# [PROBLEM STATEMENT]
For this exercise, transcribe all the entries exactly as given and omit the images.

##### SOURCE DATA #####

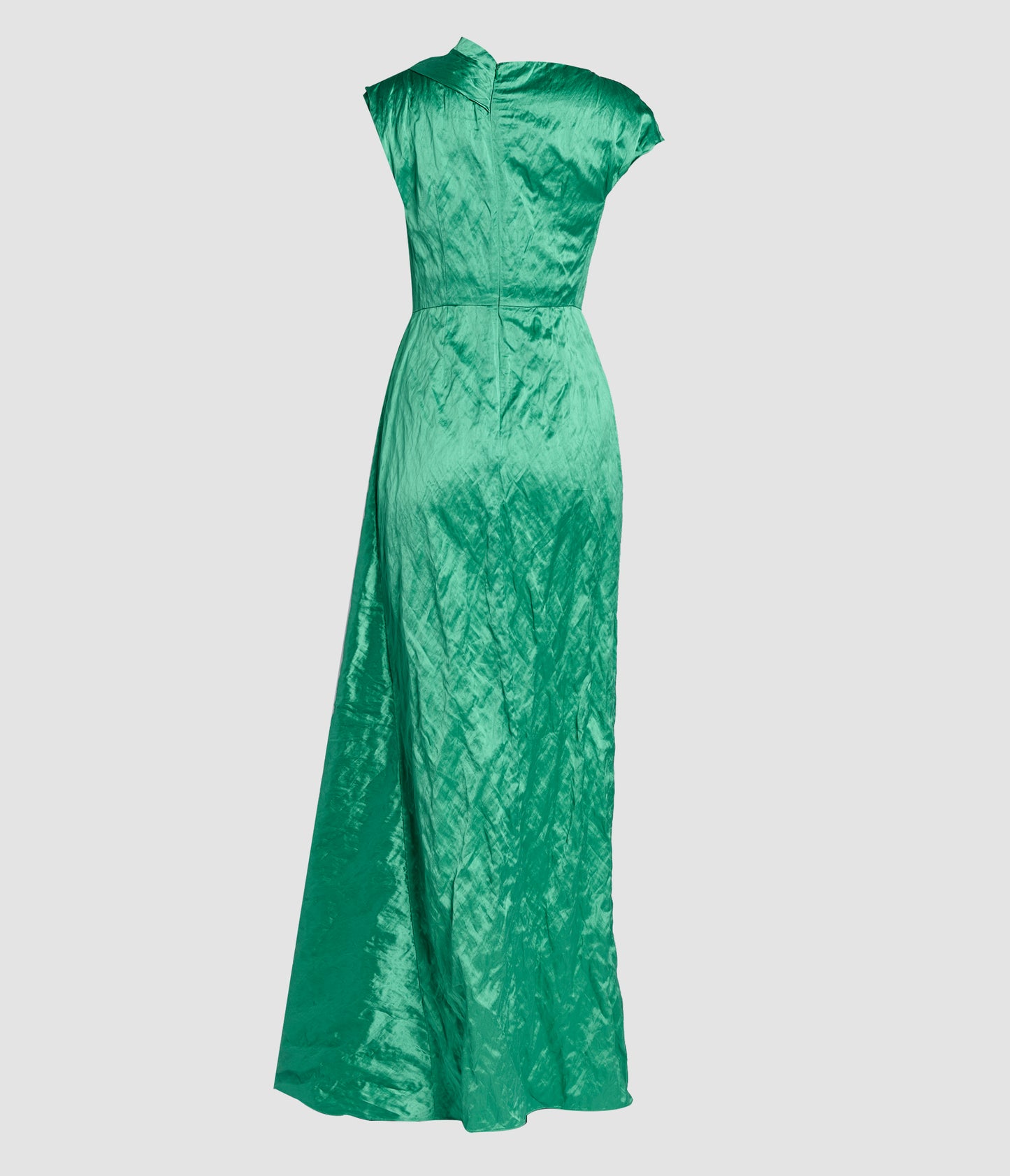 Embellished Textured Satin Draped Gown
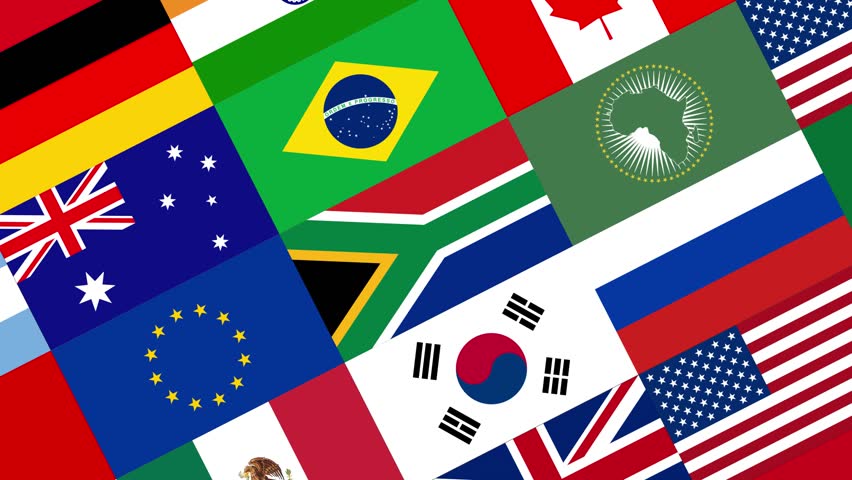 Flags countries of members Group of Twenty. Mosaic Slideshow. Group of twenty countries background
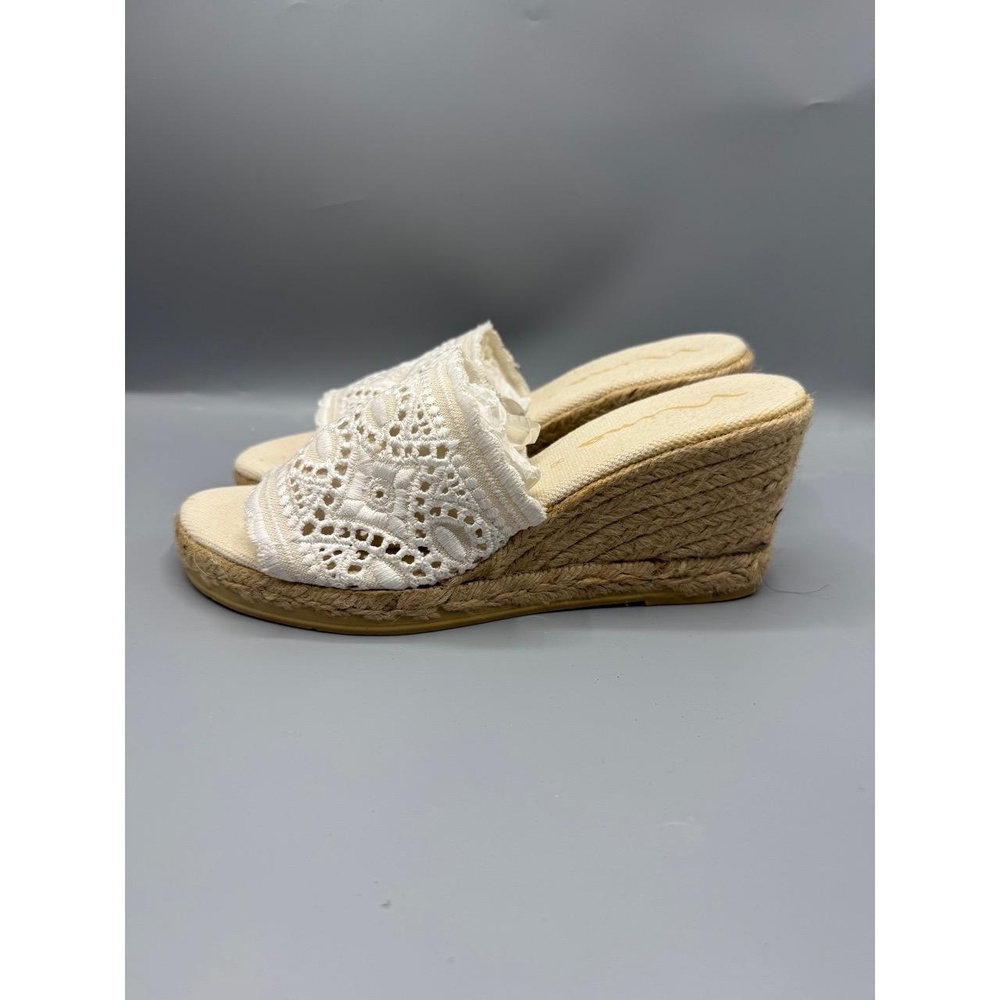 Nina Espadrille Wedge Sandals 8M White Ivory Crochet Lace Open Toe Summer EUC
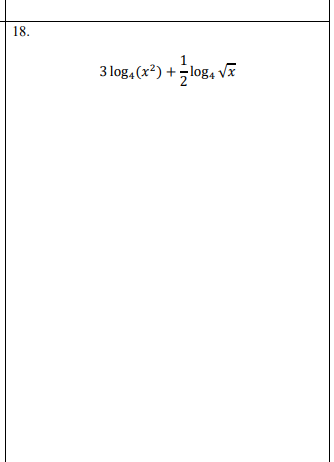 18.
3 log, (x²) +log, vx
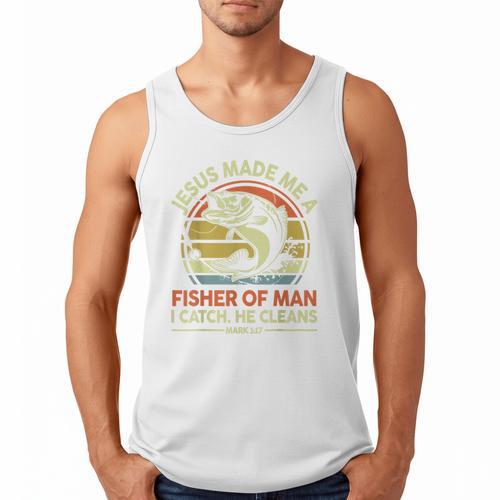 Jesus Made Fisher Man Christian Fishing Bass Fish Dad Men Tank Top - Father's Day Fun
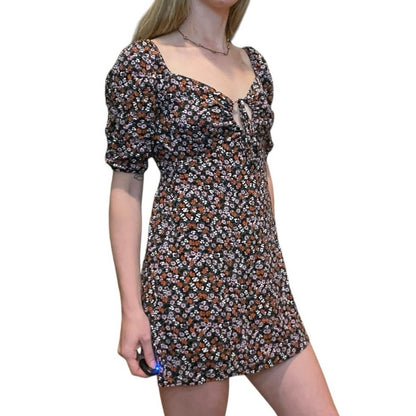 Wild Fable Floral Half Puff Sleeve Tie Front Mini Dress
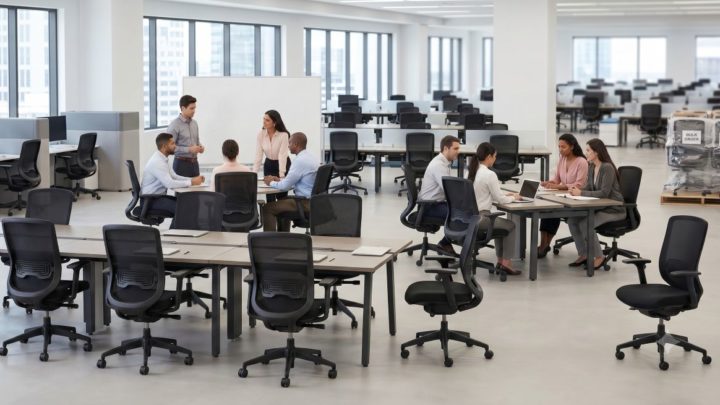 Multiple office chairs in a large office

#####

# [EXPECTED ANSWER]
 Embellished Textured Satin Draped Gown
 Flags countries of members Group of Twenty. Mosaic Slideshow. Group of twenty countries background
 Nina Espadrille Wedge Sandals 8M White Ivory Crochet Lace Open Toe Summer EUC
 18.
3 log, (x²) +log, vx
 Jesus Made Fisher Man Christian Fishing Bass Fish Dad Men Tank Top - Father's Day Fun
 Wild Fable Floral Half Puff Sleeve Tie Front Mini Dress
 Multiple office chairs in a large office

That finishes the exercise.